◆ **DATA EXTRACT**:
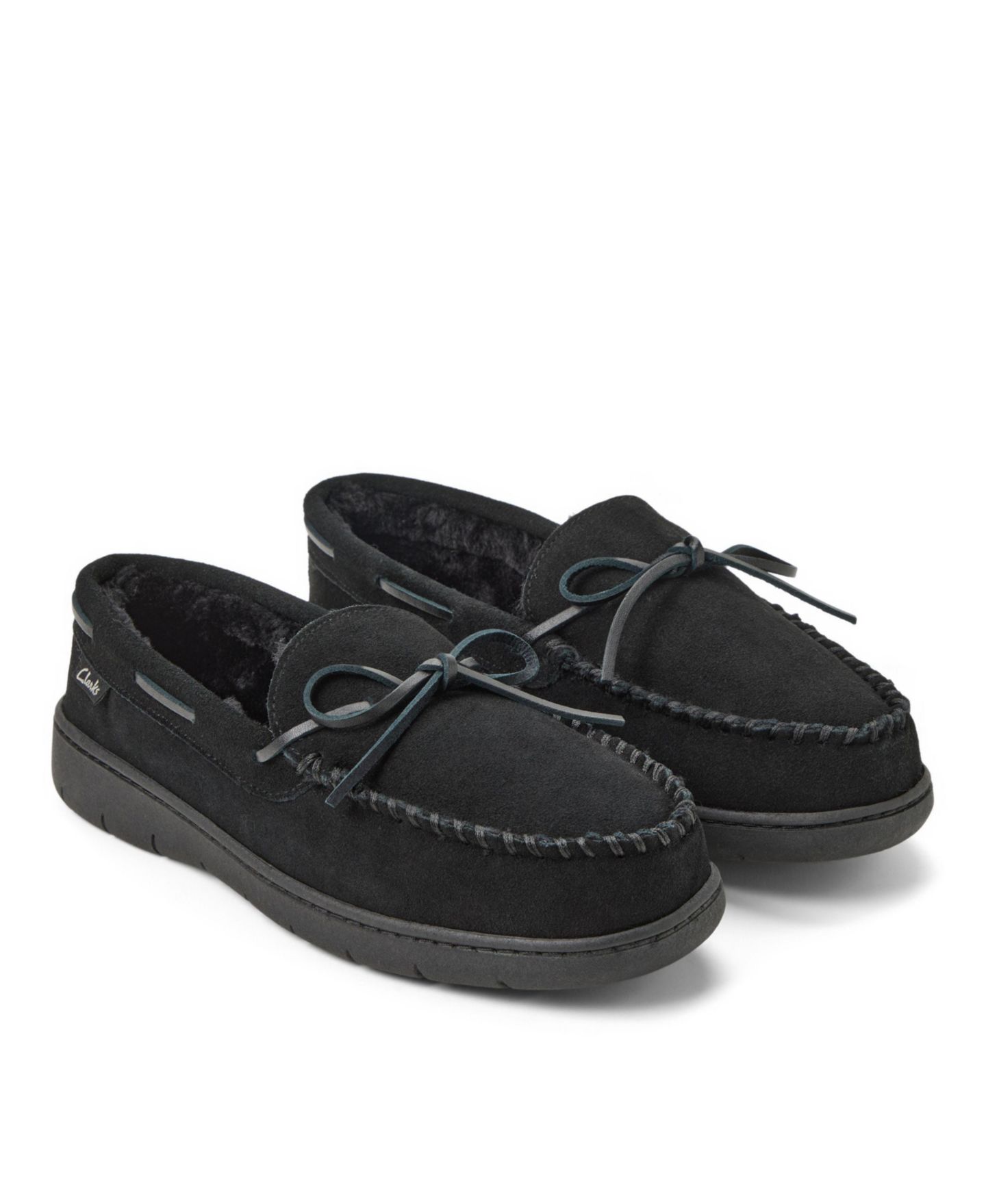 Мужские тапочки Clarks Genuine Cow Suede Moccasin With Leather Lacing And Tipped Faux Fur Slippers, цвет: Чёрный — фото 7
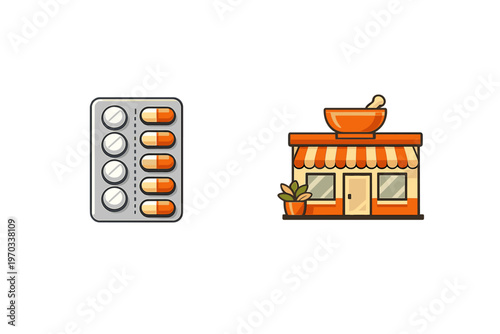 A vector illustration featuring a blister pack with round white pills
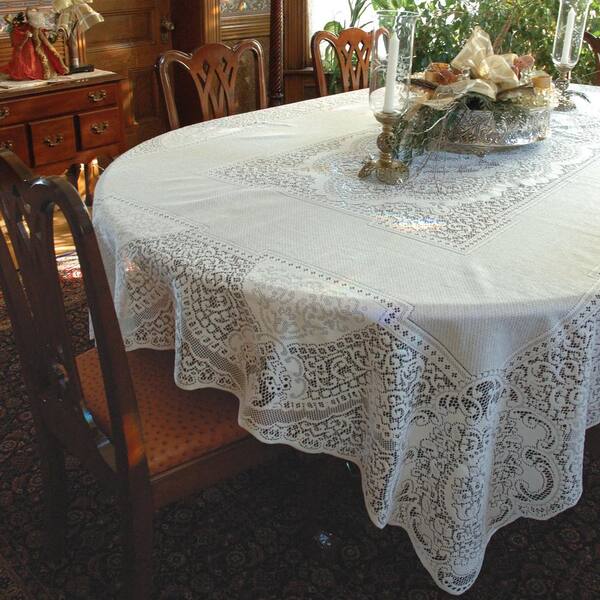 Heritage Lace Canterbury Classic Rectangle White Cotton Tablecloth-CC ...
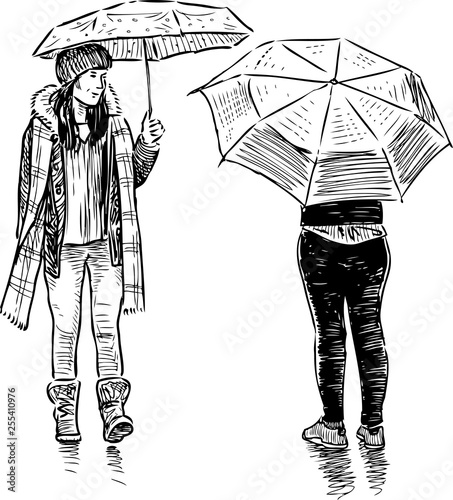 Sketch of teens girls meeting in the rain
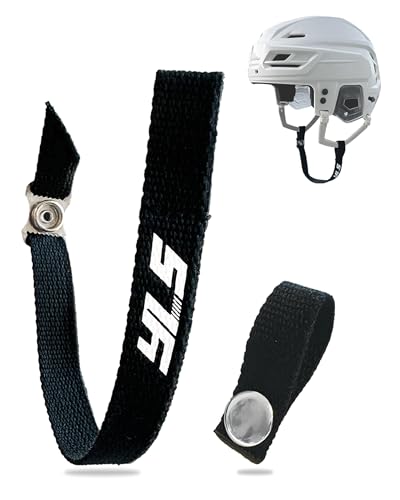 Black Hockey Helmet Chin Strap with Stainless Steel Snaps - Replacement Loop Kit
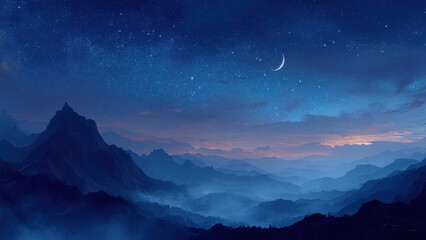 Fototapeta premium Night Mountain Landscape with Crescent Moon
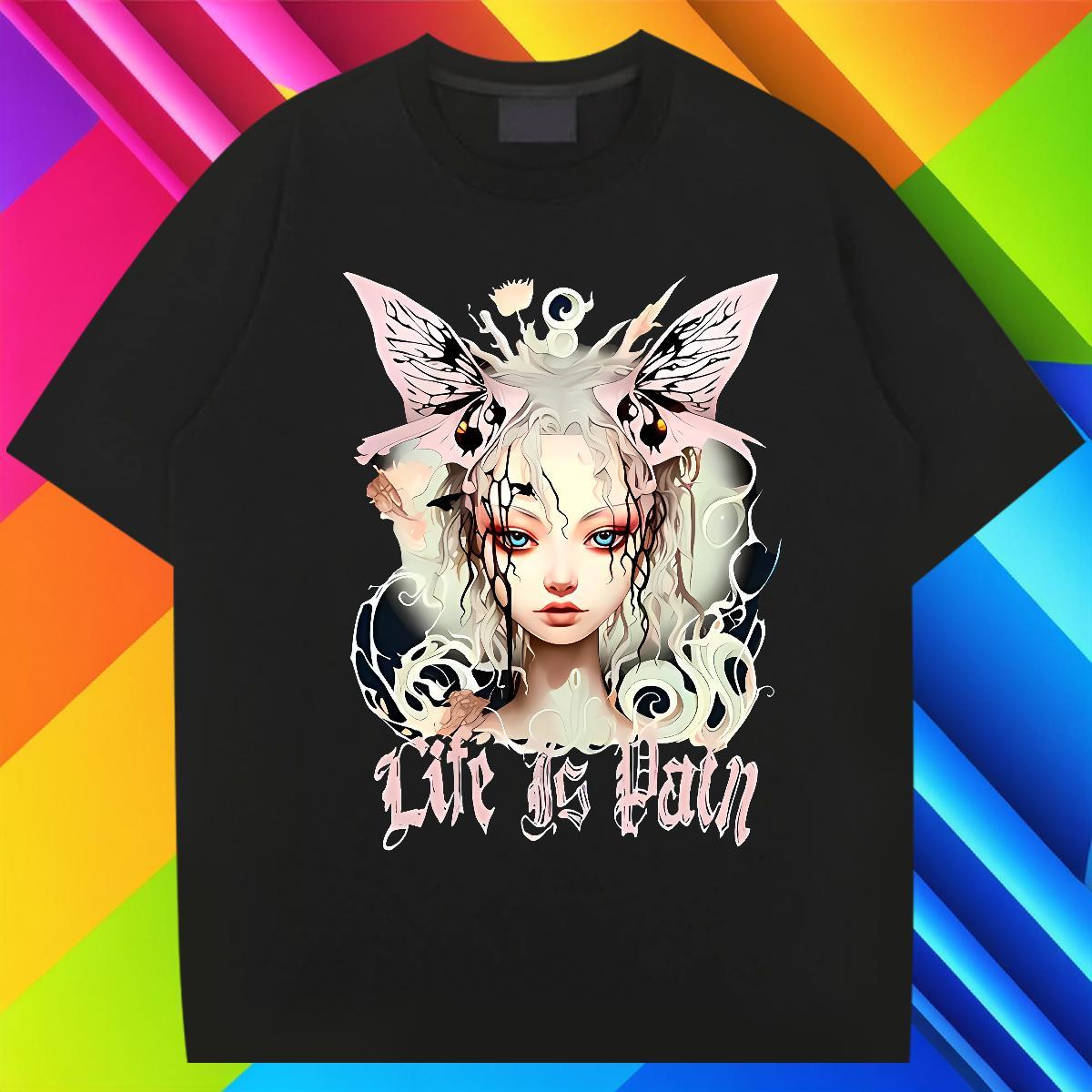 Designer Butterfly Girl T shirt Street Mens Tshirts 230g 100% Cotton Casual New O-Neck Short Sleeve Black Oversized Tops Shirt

◆ **EXERCISE PROMPT**:
Write out the listing above in full, word for word, with no pictures.

◆ **ANSWER SPACE**:
 Мужские тапочки Clarks Genuine Cow Suede Moccasin With Leather Lacing And Tipped Faux Fur Slippers, цвет: Чёрный — фото 7
 A vector illustration featuring a blister pack with round white pills
 Heritage Lace Canterbury Classic Rectangle White Cotton Tablecloth-CC ...
 Sketch of teens girls meeting in the rain
 Black Hockey Helmet Chin Strap with Stainless Steel Snaps - Replacement Loop Kit
 Fototapeta premium Night Mountain Landscape with Crescent Moon
 Designer Butterfly Girl T shirt Street Mens Tshirts 230g 100% Cotton Casual New O-Neck Short Sleeve Black Oversized Tops Shirt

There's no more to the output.